Ingmar Bergman |
Je viens de terminer l'écoute de Bergman Island, un documentaire paru en 2004. Au fil de ses 80 minutes, on partage l'intimité du (très) grand cinéaste Ingmar Bergman - à la fois l'intimité de son foyer sur l'île de Fårö, en Suède, et l'intimité de ses pensées, de son bagage de vie. Cet Homme s'offre tout entier à Marie Nyreröd, qui mène l'interview autour duquel le documentaire se construit. Connaissant relativement bien l'œuvre de Bergman - plusieurs de ses films se sont inscrit en moi de manière absolument indélébile - je n'ai pu que fixer mon écran de télévision et boire chacune des paroles de cet homme habité par un besoin de créer. Son honnêteté est belle, troublante, parfois même cruelle.

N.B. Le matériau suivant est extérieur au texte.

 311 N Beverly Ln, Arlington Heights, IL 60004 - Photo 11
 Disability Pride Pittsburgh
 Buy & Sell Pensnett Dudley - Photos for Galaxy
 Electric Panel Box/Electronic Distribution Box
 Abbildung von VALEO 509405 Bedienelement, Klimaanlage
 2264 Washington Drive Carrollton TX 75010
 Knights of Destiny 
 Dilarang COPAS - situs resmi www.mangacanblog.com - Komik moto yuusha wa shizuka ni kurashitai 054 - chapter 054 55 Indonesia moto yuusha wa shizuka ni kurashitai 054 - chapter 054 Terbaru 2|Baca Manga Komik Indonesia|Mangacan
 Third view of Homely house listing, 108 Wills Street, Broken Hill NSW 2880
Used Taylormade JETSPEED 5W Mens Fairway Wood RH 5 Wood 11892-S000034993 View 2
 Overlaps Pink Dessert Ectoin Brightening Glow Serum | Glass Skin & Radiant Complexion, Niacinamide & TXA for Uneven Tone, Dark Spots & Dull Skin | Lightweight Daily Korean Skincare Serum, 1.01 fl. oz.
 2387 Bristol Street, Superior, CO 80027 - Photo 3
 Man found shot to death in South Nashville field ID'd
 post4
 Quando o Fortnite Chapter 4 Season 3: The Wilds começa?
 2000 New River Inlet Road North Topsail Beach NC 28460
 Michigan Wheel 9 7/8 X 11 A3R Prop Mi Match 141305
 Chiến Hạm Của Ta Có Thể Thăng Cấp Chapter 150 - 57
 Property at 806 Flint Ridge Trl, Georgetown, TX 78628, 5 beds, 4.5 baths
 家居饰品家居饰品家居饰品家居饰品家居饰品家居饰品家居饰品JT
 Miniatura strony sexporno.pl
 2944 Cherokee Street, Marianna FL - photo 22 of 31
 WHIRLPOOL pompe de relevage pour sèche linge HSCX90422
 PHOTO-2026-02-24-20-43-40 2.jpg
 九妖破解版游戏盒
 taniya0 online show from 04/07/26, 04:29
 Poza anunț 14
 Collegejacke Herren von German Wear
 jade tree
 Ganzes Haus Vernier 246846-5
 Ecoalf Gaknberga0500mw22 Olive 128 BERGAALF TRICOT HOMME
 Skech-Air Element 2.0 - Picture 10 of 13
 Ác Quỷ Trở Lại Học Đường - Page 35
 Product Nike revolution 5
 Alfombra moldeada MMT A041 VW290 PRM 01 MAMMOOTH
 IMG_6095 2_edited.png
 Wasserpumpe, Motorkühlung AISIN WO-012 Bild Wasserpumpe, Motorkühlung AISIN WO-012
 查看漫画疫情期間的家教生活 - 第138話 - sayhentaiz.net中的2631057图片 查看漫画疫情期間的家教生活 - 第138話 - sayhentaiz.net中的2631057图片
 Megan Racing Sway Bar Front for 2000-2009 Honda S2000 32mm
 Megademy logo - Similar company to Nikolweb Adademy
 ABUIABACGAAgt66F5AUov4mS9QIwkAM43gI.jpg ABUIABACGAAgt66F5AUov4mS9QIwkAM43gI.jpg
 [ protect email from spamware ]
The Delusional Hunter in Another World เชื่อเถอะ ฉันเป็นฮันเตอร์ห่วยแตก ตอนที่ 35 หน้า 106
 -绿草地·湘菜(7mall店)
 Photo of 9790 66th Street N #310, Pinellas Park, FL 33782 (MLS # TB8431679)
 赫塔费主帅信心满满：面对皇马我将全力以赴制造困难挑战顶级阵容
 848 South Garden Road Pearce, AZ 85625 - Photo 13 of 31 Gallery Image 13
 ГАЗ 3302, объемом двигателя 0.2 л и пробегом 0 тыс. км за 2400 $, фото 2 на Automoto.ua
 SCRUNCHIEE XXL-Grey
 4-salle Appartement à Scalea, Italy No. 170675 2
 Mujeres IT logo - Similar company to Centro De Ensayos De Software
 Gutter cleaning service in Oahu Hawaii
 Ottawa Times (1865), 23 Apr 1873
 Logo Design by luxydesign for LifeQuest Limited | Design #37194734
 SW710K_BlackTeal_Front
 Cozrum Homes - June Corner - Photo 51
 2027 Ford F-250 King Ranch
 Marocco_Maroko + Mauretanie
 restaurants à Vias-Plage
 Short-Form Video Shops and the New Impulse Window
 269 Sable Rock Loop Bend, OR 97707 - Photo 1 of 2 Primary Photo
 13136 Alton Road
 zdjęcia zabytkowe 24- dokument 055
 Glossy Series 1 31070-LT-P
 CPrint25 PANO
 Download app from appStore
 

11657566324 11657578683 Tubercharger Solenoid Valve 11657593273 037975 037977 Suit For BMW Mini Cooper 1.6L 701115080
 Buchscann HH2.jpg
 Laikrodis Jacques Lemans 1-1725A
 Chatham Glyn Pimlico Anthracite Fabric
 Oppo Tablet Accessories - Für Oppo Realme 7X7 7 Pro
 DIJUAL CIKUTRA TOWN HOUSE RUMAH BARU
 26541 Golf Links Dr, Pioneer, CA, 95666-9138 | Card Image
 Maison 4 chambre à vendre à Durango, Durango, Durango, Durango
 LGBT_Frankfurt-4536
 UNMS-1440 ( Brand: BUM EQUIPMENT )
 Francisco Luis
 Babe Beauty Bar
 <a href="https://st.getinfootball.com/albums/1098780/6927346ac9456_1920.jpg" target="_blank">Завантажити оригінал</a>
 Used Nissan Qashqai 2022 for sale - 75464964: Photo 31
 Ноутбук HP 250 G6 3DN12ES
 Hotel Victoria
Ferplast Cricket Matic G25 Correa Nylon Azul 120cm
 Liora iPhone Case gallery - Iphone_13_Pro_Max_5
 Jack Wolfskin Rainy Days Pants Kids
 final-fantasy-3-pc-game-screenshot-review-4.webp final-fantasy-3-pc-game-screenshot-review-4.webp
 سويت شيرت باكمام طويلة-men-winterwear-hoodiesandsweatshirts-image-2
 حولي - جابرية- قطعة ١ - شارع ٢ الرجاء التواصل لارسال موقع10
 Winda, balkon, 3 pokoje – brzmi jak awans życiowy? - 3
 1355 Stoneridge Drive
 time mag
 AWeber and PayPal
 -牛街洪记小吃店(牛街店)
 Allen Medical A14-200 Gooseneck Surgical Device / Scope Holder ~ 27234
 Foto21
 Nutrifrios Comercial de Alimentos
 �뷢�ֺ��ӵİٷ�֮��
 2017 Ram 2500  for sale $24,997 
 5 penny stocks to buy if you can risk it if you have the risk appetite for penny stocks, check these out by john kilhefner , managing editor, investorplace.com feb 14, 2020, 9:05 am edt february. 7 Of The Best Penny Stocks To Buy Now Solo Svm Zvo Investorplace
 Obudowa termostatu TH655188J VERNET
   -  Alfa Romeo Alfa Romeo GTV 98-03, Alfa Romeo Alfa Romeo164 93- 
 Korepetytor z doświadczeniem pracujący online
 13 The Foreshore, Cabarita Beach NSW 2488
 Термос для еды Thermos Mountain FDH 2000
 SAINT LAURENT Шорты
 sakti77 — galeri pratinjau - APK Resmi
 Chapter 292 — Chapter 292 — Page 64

Pour le p'tit jeune que je suis, moi qui commence à découvrir le rapport entre un Homme et sa fibre créatrice, l'immense sentiment d'accomplissement de soi qu'elle peut fournir, ce documentaire a été une expérience quasi spirituelle. Bien sur, je n'ai pas été d'accord avec chacun des mots de Bergman : j'ai un sens critique en plus d'avoir mes propres idées sur bien des choses. Mais voir un homme de sa stature poser un regard franc sur le chemin qu'il a laissé derrière lui, autant ses bons jours que ses moins bons, ne peut qu'être inspirant. Un tel partage de la part d'un artiste aussi imposant mérite mille fois d'être immortalisé sur vidéo.
Det Sjunde Inseglet, 1957 |
Ici, je me rend compte que, en fait, je ne sais pas trop où je voulais en venir avec ce billet. Remarquez, je vis de manière assez forte avec ma propre créativité depuis quelques mois. Plusieurs des enseignants que j'ai eu le bonheur d'avoir à l'UQÀM m'ont permis de trouver le moyen de puiser dans des ressources dont je ne soupçonnais même pas l'existence il y de ça moins de deux ans. Je crois que j'ai pu trouver une certaine forme de miroir dans cet Ingmar Bergman qui s'ouvre tout grand. Je me rend compte de la beauté qu'une vie passée à créer peut contenir. Je me rend compte que nos plus grands succès ne sont pas nécessairement ces projets auxquels nous accordions le plus d'importance. Je me rend compte que l'on peut voir nos projets les plus chers faillir, s'écrouler entre nos doigts comme une statue de poussière et ainsi, malgré un succès fulgurant dans un « ailleurs » quelconque, notre paix avec la vie peut rester difficile à atteindre. La paix, je crois, plus que le bonheur, est ce qu'on cherche tous. La vraie paix.
Ingmar Bergman |
Je songe à tout ça et j'ai un peu le vertige. Je me demande comment ma vie va se dérouler par rapport à ma créativité - créativité à laquelle j'attache de plus en plus d'importance. Dans le documentaire, Bergman ennumère une liste de ses Démons personnels. Le dernier qu'il nomme est le Démon du Néant. Il décrit cet être comme un grand silence, celui qui règne quand notre imagination et notre créativité nous abandonnent. Il met ce dernier Démon à part des autres car c'en est un qu'il a toujours effroyablement redouté sans jamais avoir eu à l'affronter - et il admet en être grandement reconnaissant. Je me demande si ce Démon de Bergman pourrait en être un pour moi également. Et je me demande comment je réagirais si j'avais à lui faire face. Beaucoup de questions alors que j'ai à peine le quart de ma vie d'écoulé, mais ça, c'est ce que je suis. Je crois que c'est un de mes Démons, le Démon du Questionnement sans Réponse.